Commonwealth Wars; Johnson to many a deep Lyric tone of plaintiveness and impetuous graceful power, scattered over his fugitive compositions. Both, rather to the general surprise, had a certain rugged Humour shining through their earnestness: the indication, indeed, that they were earnest men, and had subdued their wild world into a kind of temporary home and safe dwelling. Both were, by principle and habit, Stoics: yet Johnson with the greater merit, for he alone had very much to triumph over; farther, he alone ennobled his Stoicism into Devotion. To Johnson Life was as a Prison, to be endured with heroic faith: to Hume it was little more than a foolish Bartholomew-Fair Show-booth, with the foolish crowdings and elbowings of which it was not worth while to quarrel; the whole would break up, and be at liberty, so soon.

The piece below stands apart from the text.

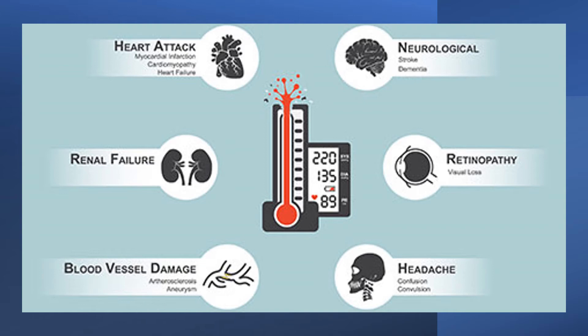Similarly, hesperidin lowered blood pressure and reduced inflammation in one trial on 64 people with type 2 diabetes, and improved blood vessel function in one trial on 24 people with metabolic syndrome.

Both realised the highest task of Manhood, that of living like men; each died not unfitly, in his way: Hume as one, with factitious, half-false gaiety, taking leave of what was itself wholly but a Lie: Johnson as one, with awe-struck, yet resolute and piously expectant heart, taking leave of a Reality, to enter a Reality still higher. Johnson had the harder problem of it, from first to last: whether, with some hesitation, we can admit that he was intrinsically the better-gifted, may remain undecided. These two men now rest; the one in Westminster Abbey here; the other in the Calton-Hill Churchyard of Edinburgh. Through Life they did not meet: as contrasts, ‘like in unlike,’ love each other; so might they two have loved, and communed kindly, —had not the terrestrial dross and darkness that was in them withstood! One day, their spirits, what Truth was in each, will be found working, living in harmony and free union, even here below. They were the two half-men of their time: whoso should combine the intrepid Candour and decisive scientific Clearness of Hume, with the Reverence, the Love and devout Humility of Johnson, were the whole man of a new time. Till such whole man arrive for us, and the distracted time admit of such, might the Heavens but bless poor England with half-men worthy to tie the shoe-latchets of these, resembling these even from afar! Be both attentively regarded, let the true Effort of both prosper; —and for the present, both take our affectionate farewell!